La lecture de 2000 ans pour s’aimer (roman de moins de 250 pages) est tout à fait adaptée à des élèves de cinquième tout en nécessitant des éclairages en classe. En effet, chacun des six chapitres renvoyant à une époque historique spécifique est à même de réclamer quelques éléments de contextualisation, par rapport à l’esclavage à Rome, aux invasions barbares, aux proscriptions dans la société médiévale (qui feront écho aux programmes d’histoire de 6e et de 5e) ou encore au soulèvement populaire lié aux journées sanglantes de février 1848 à Paris. Il n’en reste pas moins que la lecture « semi-autonome » de l’histoire demeure facilitée par sa structure narrative répétée, concentrée sur l’action d’un jeune héros impliquant l’objet de référence, le flacon. On notera, en outre, comme élément de cohésion facilitant la lecture, la nomination récurrente du personnage principal, « Lupus » dans le récit 1, « Wulfila » dans le récit 2 et « Loup » puis « Lou » jusqu’au dernier récit où le protecteur des loups se nomme « Wolf » (1). On observe par là même une proximité entre le héros et l’animal, dont on sait qu’il a été persécuté tout au long de l’histoire.
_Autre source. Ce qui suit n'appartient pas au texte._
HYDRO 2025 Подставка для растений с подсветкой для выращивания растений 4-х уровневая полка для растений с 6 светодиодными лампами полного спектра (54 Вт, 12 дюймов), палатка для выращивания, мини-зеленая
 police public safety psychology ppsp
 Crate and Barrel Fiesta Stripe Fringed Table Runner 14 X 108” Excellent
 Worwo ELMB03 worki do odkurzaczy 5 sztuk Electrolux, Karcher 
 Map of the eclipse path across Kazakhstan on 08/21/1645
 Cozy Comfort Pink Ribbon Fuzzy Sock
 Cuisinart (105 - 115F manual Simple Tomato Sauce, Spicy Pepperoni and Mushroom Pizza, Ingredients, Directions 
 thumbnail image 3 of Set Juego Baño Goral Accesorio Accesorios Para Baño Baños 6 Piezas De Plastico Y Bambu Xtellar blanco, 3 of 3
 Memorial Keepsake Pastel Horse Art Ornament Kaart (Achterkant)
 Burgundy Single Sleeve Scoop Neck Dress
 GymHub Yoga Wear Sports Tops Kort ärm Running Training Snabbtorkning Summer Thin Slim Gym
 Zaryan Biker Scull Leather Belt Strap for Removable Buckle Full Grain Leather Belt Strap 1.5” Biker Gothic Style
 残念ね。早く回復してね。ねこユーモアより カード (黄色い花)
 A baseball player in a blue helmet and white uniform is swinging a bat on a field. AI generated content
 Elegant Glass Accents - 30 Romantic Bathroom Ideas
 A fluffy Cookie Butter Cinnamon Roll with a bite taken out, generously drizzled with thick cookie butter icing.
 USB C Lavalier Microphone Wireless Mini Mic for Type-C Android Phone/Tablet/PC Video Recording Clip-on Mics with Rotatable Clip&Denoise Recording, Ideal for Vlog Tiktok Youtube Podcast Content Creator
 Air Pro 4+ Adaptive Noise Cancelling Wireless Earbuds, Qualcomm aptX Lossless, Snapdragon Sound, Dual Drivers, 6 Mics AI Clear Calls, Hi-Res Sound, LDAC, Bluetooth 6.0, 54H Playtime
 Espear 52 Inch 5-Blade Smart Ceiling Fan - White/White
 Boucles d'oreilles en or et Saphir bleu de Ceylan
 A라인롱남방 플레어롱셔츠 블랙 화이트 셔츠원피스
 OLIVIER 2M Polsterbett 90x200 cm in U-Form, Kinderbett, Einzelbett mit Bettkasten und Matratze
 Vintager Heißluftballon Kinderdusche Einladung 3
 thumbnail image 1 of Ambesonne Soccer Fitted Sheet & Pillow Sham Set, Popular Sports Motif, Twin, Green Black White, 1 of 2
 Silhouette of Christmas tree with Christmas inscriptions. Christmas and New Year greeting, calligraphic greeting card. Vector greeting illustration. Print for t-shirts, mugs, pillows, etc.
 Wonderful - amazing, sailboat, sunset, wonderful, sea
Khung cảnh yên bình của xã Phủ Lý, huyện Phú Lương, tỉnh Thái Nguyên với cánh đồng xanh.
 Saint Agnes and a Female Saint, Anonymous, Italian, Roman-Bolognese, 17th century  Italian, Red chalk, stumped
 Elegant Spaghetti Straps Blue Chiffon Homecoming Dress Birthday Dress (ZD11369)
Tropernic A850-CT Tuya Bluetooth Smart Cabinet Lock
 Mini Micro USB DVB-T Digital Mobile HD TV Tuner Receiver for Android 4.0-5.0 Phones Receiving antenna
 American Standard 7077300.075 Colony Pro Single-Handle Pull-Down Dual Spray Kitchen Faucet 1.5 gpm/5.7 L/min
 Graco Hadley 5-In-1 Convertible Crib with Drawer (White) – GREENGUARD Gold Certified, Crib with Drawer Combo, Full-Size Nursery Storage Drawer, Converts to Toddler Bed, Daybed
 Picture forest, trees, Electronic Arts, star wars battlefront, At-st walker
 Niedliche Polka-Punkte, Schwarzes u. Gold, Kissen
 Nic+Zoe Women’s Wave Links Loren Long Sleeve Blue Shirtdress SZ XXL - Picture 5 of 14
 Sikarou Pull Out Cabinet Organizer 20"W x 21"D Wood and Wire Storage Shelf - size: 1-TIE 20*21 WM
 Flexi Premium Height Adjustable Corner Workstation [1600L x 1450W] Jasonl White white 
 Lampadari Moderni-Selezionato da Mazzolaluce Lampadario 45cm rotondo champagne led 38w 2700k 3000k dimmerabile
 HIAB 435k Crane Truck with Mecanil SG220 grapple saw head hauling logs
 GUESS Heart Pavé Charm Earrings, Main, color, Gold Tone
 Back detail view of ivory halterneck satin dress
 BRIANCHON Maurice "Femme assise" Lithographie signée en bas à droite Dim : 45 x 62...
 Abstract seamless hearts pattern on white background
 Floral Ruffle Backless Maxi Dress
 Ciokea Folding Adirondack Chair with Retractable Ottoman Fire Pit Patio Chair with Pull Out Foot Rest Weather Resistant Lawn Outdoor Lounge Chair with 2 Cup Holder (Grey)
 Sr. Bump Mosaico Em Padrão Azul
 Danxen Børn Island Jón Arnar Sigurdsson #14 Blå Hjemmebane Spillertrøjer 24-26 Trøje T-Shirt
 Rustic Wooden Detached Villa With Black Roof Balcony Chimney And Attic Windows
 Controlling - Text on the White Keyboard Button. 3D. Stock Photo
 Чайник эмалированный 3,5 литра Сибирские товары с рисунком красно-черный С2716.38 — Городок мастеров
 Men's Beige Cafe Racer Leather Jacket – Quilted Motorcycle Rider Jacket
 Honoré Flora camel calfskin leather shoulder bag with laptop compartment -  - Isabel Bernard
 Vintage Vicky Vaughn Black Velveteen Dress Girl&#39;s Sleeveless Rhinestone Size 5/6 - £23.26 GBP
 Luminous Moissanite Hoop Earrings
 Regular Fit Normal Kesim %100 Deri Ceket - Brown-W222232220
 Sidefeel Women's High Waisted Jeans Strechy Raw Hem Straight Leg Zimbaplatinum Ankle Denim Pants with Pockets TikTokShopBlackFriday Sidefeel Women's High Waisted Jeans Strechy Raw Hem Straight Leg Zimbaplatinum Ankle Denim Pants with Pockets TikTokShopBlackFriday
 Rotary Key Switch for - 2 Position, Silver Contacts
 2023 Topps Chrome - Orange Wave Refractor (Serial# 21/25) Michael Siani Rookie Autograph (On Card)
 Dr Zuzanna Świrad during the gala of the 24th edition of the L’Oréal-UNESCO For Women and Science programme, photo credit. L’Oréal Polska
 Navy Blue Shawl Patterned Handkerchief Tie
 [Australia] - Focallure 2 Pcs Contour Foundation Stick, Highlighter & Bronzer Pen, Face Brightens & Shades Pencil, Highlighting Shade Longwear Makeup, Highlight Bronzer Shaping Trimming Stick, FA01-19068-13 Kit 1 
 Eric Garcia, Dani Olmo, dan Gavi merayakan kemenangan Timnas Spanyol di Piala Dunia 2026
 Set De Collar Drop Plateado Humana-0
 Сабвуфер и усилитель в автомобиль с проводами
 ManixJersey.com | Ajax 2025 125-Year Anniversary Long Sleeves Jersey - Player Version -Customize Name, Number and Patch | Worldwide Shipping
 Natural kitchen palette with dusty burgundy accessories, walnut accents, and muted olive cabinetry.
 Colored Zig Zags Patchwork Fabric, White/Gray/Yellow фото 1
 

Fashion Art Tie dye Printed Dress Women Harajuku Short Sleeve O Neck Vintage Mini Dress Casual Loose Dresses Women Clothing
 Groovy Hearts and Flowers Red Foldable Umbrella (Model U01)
En ce sens, 2000 ans pour s’aimer, interroge par un biais narratif, le rapport que les hommes dits « civilisés » entretiennent avec ceux et celles, comme la « sorcière » dans le récit 4, qu’ils ont coutume de mettre au ban tels des pestiférés.

On sera par conséquent attentif au cours de la séquence à éclairer les dimensions « historiques » et « civiques » qui densifient le développement des intrigues successives.

Un projet d’enquête de lecture

L’idée est de proposer à des élèves de cinquième la lecture du roman sur une période de cinq semaines avec comme visée « problématique », en termes didactiques, celle de mener une enquête sur ce flacon dont chaque histoire opère un passage de témoin. À cette fin, on proposera aux élèves le scénario pédagogique suivant inspiré par les travaux de l’universitaire Pierre Bayard sur la « critique interventionniste ». Aussi, la lecture du roman supposera-t-elle que chaque élève se considère comme un témoin invisible et non actant des situations découvertes de chapitre en chapitre. En somme, chaque élève — rapporteur du groupe — sera invité à adopter la posture de l’enquêteur chargé de suivre le parcours du flacon. La période de lecture (5 semaines) supposera de façon hebdomadaire d’établir un « point-lecture » où un groupe déterminé sera chargé de divulguer les résultats de leur enquête à partir de la lecture du chapitre qui lui a été confié. Cette tâche hebdomadaire renouvelée aura pour finalité d’aboutir à un carnet d’enquêtes à l’échelle de la classe, dont le rendu est susceptible de prendre diverses formes : audiovisuelles, numériques, papier.

Méthodologie de l’enquête
Lors de la première séance, on reviendra sur l’objectif de l’enquête : comprendre les origines du flacon, son parcours et ses finalités. Les élèves devront agir comme s’ils enquêtaient sur un personnage dans un roman. Qui est-il ? Que fait-il ? Avec qui est-il en contact ? Pourquoi est-il si important ? Qu’apprend-on de plus sur lui d’histoire en histoire ? À quels moments redevient-il important dans l’intrigue ? Est-il dangereux ? etc.